Iterative-Epoch Online Cycle Elimination for Context-Free Language Reachability
Context-free language reachability (CFL-reachability) is a fundamental framework for implementing various static analyses. CFL-reachability utilizes context-free grammar (CFG) to extend the expressiveness of ordinary graph reachability from an unlabeled graph to an edge-labeled graph. Solving CFL-reachability requires a (sub)cubic time complexity with respect to the graph size, which limits its scalability in practice. Thus, an approach that can effectively reduce the graph size while maintaining the reachability result is highly desirable. Most of the existing graph simplification techniques for CFL-reachability work during the preprocessing stage, i.e., before the dynamic CFL-reachability solving process. However, in real-world CFL-reachability analyses, there is a large number of reducible nodes and edges that can only be discovered during dynamic solving, leaving significant room for on-the-fly improvements.

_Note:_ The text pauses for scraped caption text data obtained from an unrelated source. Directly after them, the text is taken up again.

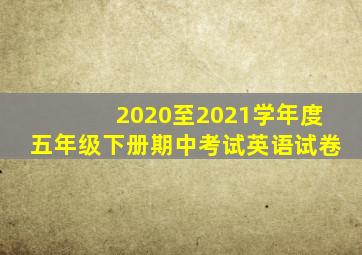 2020至2021学年度五年级下册期中考试英语试卷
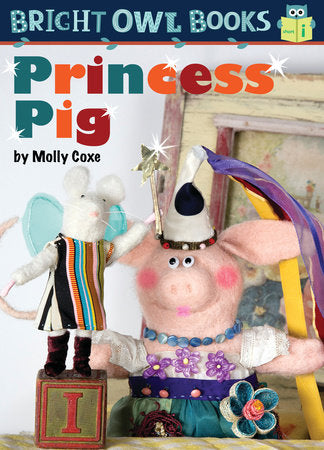 Princess Pig Paperback by Molly Coxe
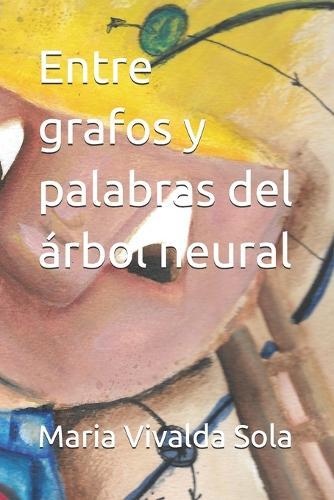 Entre grafos y palabras del árbol neural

This paper aims to reduce the graph size of CFL-reachability dynamically via online cycle elimination. We propose a simple yet effective approach to detect collapsible cycles in the graph based on the input context-free grammar. Our key insight is that symbols with particular forms of production rules in the grammar are the essence of transitivity of reachability relations in the graph. Specifically, in the graph, a reachability relation to a node $v_i$ can be “transited” to another node $v_j$ if there is a transitive relation from $v_i$ to $v_j$, and cycles formed by transitive relations are collapsible. In this paper, we present an approach to identify the \textit{transitive symbols} in a context-free grammar, and propose an \textit{iterative-epoch} framework for online cycle elimination. From the perspective of non-parallelized CFL-reachability solving, our iterative-epoch framework is well compatible with both the standard (unordered) solver and the recent ordered solver, and can significantly improve their performance. Our experiment on context-sensitive value-flow analysis for C/C++ and field-sensitive alias analysis for Java demonstrates promising performance improvement by our iterative-epoch cycle elimination technique. By collapsing cycles online, our technique accelerates the standard solver by 17.17× and 13.94× for value-flow analysis and alias analysis, respectively, with memory reductions of 48.8% and 45.0%. Besides, our technique can also accelerates the ordered solver by 14.32× and 8.36× for value-flow analysis and alias analysis, respectively, with memory reductions of 55.2% and 57.8%.